Lynn & Brian's Fabulous Yucatecan Adventure
©1996 by Lynn D. Troldahl Hershberger (
Chichen Itza
The next morning, Friday, we went to Chichen Itza. This is the most well known of all Maya "archeological sites" (I was scolded by an employee at Chichen Itza for saying the word "ruins" since things are in remarkably well-restored condition). It is the place of the stunning pyramid (you surely have seen it in photos) called "El Castillo de Kukulkán" (ehl kah­STEE-yo de koo­kool­KAHN). The name means the Castle of Kukulkán; Kukulkán is the feathered serpent god whose image is found in many places in Chichen Itza.

We had been warned that if the weather was very hot we would be too tired after climbing the big pyramid to do anything else. Our luck was good, though. The temperature was not bad, perhaps 75F, and we got there before the sun was baking hot.

[Photo: El Castillo de Kukulkan, surrounded by morning clouds. That's Brian on the right in a brimmed hat.]

We went against the hot weather advice and climbed the pyramid while there was still a slight morning shadow on us. It was worth it. There were only perhaps a half dozen people at the top when we got there. There was a temple at the top of the pyramid. The carvings on that temple are preserved remarkably well.

The view was breathtaking. You could see how far the ancient city spread, see many of the buildings, and beautiful green foliage as far as you could see. Unfortunately, once we reached the top I realized that I had run out of film.

After descending the pyramid, we joined a small group to go into the center of the pyramid. This large pyramid was built on top of an older and smaller temple. There is a doorway that leads into an inner chamber where you can see the older temple and go to a small room with two altars. One altar is the ever-present Chac-Mool, an important altar to the rain god Chac. Chac-Mool sculptures seem to be everywhere in the Maya ancient cities. I remember seeing at least three while at Chichen Itza. The second altar was more unusual and precious; a red jaguar encrusted with jade stones and flint for fangs, with its back as an altar table.

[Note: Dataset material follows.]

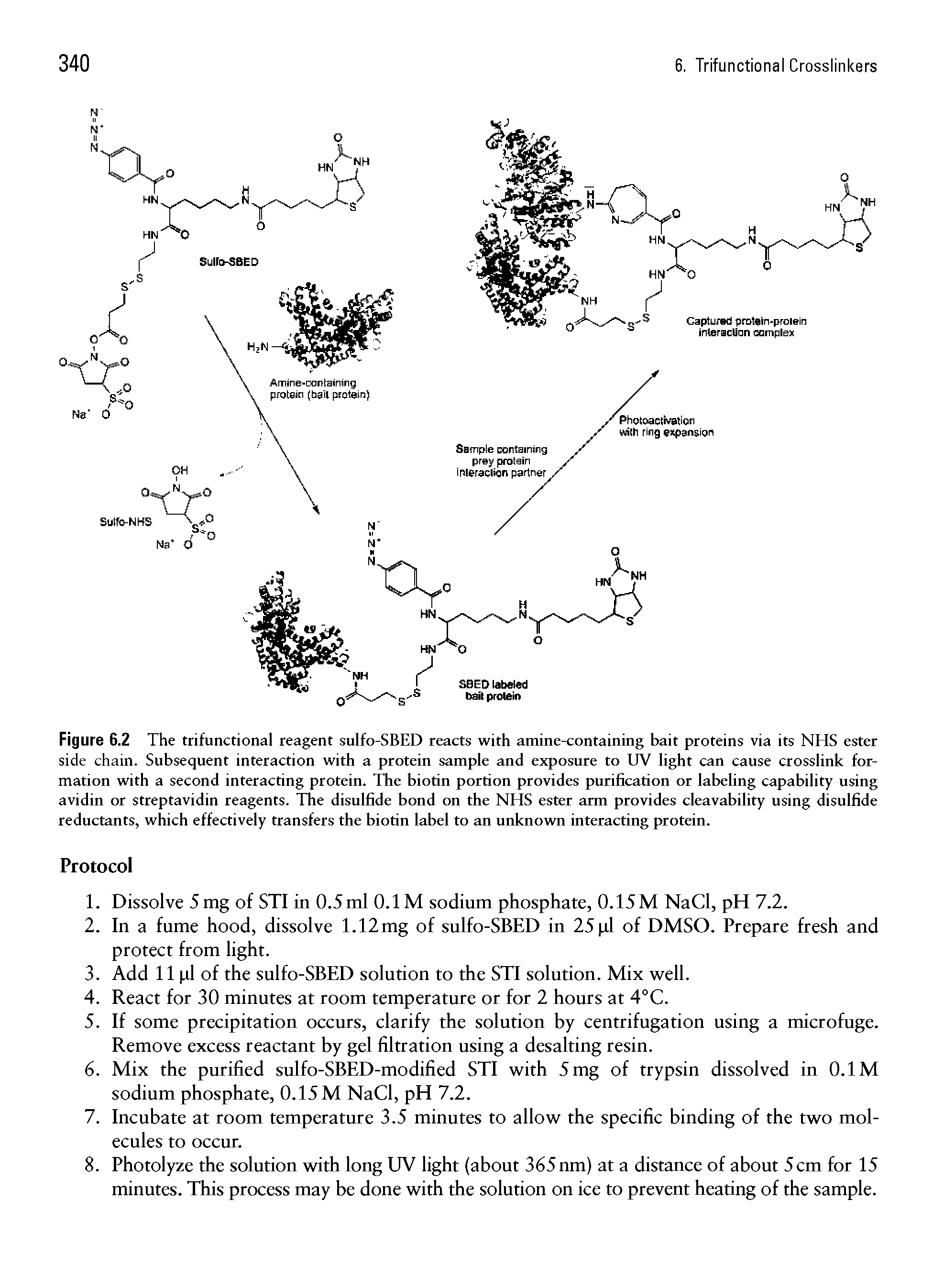 Figure 6.2 The trifunctional reagent sulfo-SBED reacts with amine-containing bait proteins via its NHS ester side chain. Subsequent interaction with a protein sample and exposure to UV light can cause crosslink formation with a second interacting protein. The biotin portion provides purification or labeling capability using avidin or streptavidin reagents. The disulfide bond on the NHS ester arm provides cleavability using disulfide reductants, which effectively transfers the biotin label to an unknown interacting protein.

Though we were the first group admitted that fairly cool day, the inner room was horribly muggy and it was hard to breathe. Even the arched hallway and stairway was small, as the Maya people are still very small people by US standards. (I am 5 feet 2-1/2 inches and taller than most modern people of Maya descent, male or female.) I was glad to see the altars and the carving on the inner temple. However, I didn't stay in there long at all. It would have been unbearable to a claustrophobic person.

We explored an area where there were hundreds, maybe thousands, of stone columns. It looked to me like a monastery or something. I am told it was really two buildings near one another, the Temple of the Warriors and the Group of a Thousand Columns. According to what I read in the literature, there is another group of columns almost exactly like it in a far away city of the same era. It was somehow very calming to see the rhythm of all those pillars, lined up for a long distance. The pillars were also handy for a little shade in the heat.

We found our way to some paths behind the most popular ruins and it was amazingly quiet. Even though by this time the tour buses had descended in full force, we were practically alone for a good 45 minutes. The only others we came into contact with were occasional unofficial souvenir-hawkers selling miniature pyramids and Chac-Mool sculptures. I hadn't thought we could get away from the crowds, and I enjoyed Chichen Itza more than expected because of this.

We returned to Valladolid around noon on that second day. We were to meet the parents of Pedro, Brian's brother-in-law. They live in Tizimin (tee­zee­MEEN), a nearby small city. Well, we planned to meet at 3:00 p.m. but they were there already and spotted us across the town square! Brian had met them previously though I had not. Antonio and Maria, Pedro's parents, were absolutely gracious from the start.